Download the required files for the flagged_words_filter during the build process.

JingTY · HaiHui886 · commit d68cc42a8247 · 2025-12-04T11:27:25.000Z
diff --git a/Dockerfile b/Dockerfile
@@ -54,5 +54,26 @@ RUN git config --global user.email "dataflow@opencsg.com" && \
     git config --global user.name "dataflow" && \
     git config --global --add safe.directory '*'
 
+# Download required resources for offline deployment
+# Create default cache directories
+RUN mkdir -p /root/.cache/data_engine/assets && \
+    mkdir -p /root/.cache/data_engine/models
+
+# Download JSON resources (flagged_words and stopwords)
+RUN wget -O /root/.cache/data_engine/assets/flagged_words.json \
+    https://dail-wlcb.oss-cn-wulanchabu.aliyuncs.com/data_juicer/flagged_words.json && \
+    wget -O /root/.cache/data_engine/assets/stopwords.json \
+    https://dail-wlcb.oss-cn-wulanchabu.aliyuncs.com/data_juicer/stopwords.json
+
+# Download SentencePiece models (Chinese and English)

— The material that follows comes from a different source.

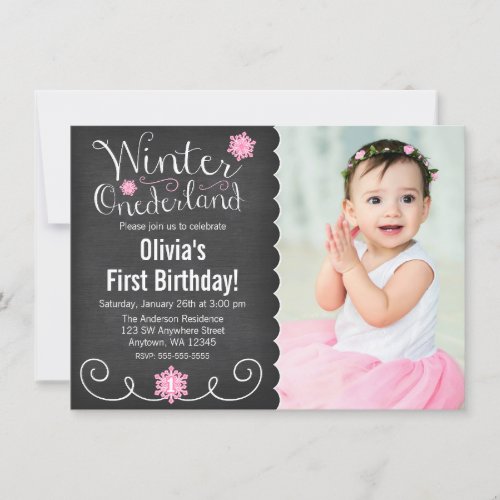 Whimsical Winter Onederland Photo First Birthday Invitation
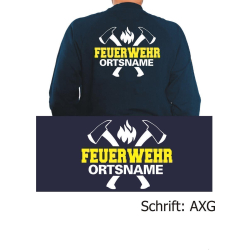 Sweat font "AXG" FEUERWEHR place-name with axes...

+RUN wget -O /root/.cache/data_engine/models/zh.sp.model \
+    https://dail-wlcb.oss-cn-wulanchabu.aliyuncs.com/data_juicer/models/zh.sp.model && \
+    wget -O /root/.cache/data_engine/models/en.sp.model \
+    https://dail-wlcb.oss-cn-wulanchabu.aliyuncs.com/data_juicer/models/en.sp.model
+
+# Verify downloaded files
+RUN ls -lh /root/.cache/data_engine/assets/ && \
+    ls -lh /root/.cache/data_engine/models/
+
 # Start fastapi API Server
 EXPOSE 8000
diff --git a/data_engine/ops/filter/flagged_words_filter.py b/data_engine/ops/filter/flagged_words_filter.py
@@ -13,6 +13,13 @@
 from ..common import (SPECIAL_CHARACTERS, get_words_from_document,
                       words_refinement)
 from ..op_fusion import INTER_WORDS
+from loguru import logger
+import os
+from data_celery.mongo_tools.tools import (
+    insert_pipline_job_run_task_log_info,
+    insert_pipline_job_run_task_log_warning,
+    insert_pipline_job_run_task_log_error
+)
 
 OP_NAME = 'flagged_words_filter'
 
@@ -63,16 +70,58 @@ def __init__(self,
         self.words_aug_join_char = words_aug_join_char
         self.model_key = None
 
+        # Log flagged_words_filter initialization
+        msg = f"[flagged_words_filter] Initializing with lang='{lang}', tokenization={tokenization}"
+        logger.info(msg)
+        insert_pipline_job_run_task_log_info(self.job_uid, msg, operator_name=OP_NAME, operator_index=self.pipline_index)
+        
+        msg = f"[flagged_words_filter] flagged_words_dir: {flagged_words_dir}"
+        logger.info(msg)
+        insert_pipline_job_run_task_log_info(self.job_uid, msg, operator_name=OP_NAME, operator_index=self.pipline_index)
+        
+        # Check if flagged_words file exists before loading
+        expected_file = os.path.join(flagged_words_dir, 'flagged_words.json')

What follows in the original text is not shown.